If the editorial board likes it, the editor will send it out for peer review. The manuscript will get mailed to (typically) two experts in the field who will offer their detailed advice on the technical merits of the paper and whether or not it warrants publication in Science.
As is often said: peer review is a highly flawed system, but it beats all of the alternatives. It is easy to imagine some of the problems that could arise at this stage. A few that I have run across: reviewers who are competitor, reviewers who just don’t like you, reviewers who aren’t knowledgeable enough about your field. With only two reviewers for most manuscript, the process can be thoroughly random. The same paper sent to twenty different reviewers would get twenty different reviews. But, sadly, it beats all of the alternatives.
With luck, the two reviewers will like the paper and, with even more luck, suggest ways to improve the paper. They may point in flaws in the paper and how those flaws can be fixed. Or they may point in flaws in the paper and say they are not fixable.
If the reviewers don’t like the paper sufficiently that is the end of the line and you are rejected. If they potentially like it but with reservations you are given a chance to respond to their suggestions or complaints and modify the paper accordingly and then they get to review it again.
Finally, again, with luck, the editor send you that email saying the paper is accepted, and you sigh from relief. Or you get the rejection email, and you decide what to do next: another general journal? Reformat to go to a trade journal? Sulk in irritation for a while? I have done all of these and more.
The whole process can take a long time. If I submit the paper tomorrow, there is a chance that it might appear in your newspaper in, perhaps, January. Keep your eyes peeled to that Saturday section. But don’t look for an article on dwarf planets or on the Kuiper belt or on the early solar system. I’m taking a break from those this summer to pursue research on what I think of as my hobby field, Titan. Titan is a fascinating world with methane lakes at the north pole, dark dunes at the equator, a thick atmosphere that is almost like the Earth’s (it’s just missing a minor component [oxygen] that we like so much), and a Los Angeles-like haze that makes the surface hard to see. It’s my favorite body inside the Kuiper belt, and, when I get a little tired of studying the little points of light that make up the Kuiper belt, I move in to the relative warmth of the Saturn system and see what’s new on Titan. During my break this summer I think I discovered something pretty interesting. Interesting enough to be published in Science, even. But we’ll all have to wait to see if I can navigate that laborious publication paper and make it to that one paragraph in your Saturday newspaper.

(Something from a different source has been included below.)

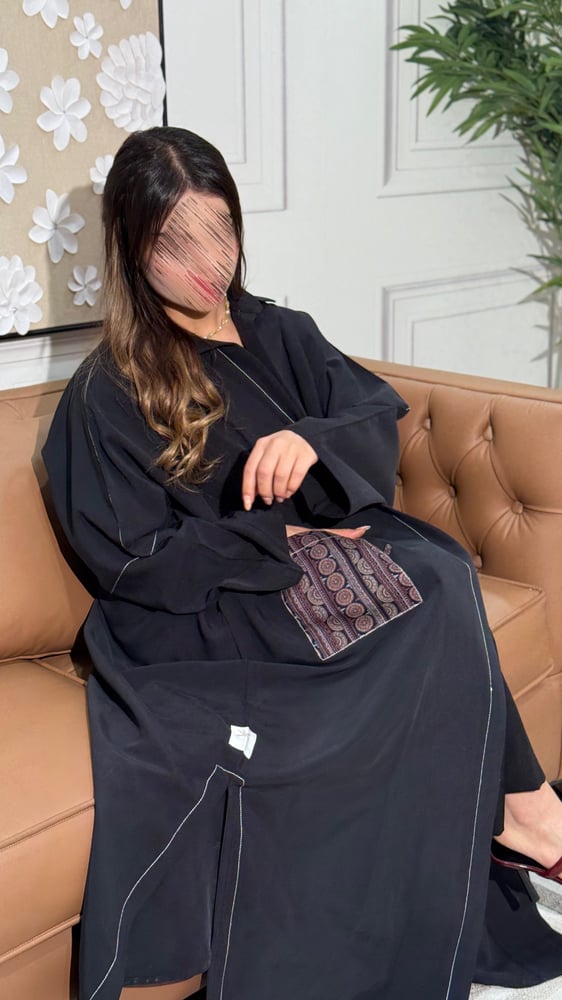 عباية حرير مغسول مع كشمير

  1. Why would I do this when I then turn around and scoff at others?

    And here was I hoping that the answer was going to be "because, although my work is sound and my conclusions stand up to scrutiny, I also believe they're wrong."

    Ah, well, the Sokalisation of Nature and Science will have to wait for another day.

  2. We have the terminology "dwarf planet" which lets us make a distinction between the round objects orbiting the sun and objects which are not round. Why don't we have simular terms for satellites of a planet or dwarf planet? Large round satellites like Titan deserves a title like "giant moon".

    Then the fifth grade science class could have a debate over Charon: is it a "giant moon" or a "dwarf planet".

    It just isn't right to use the same term for Titan that we use for Deimos.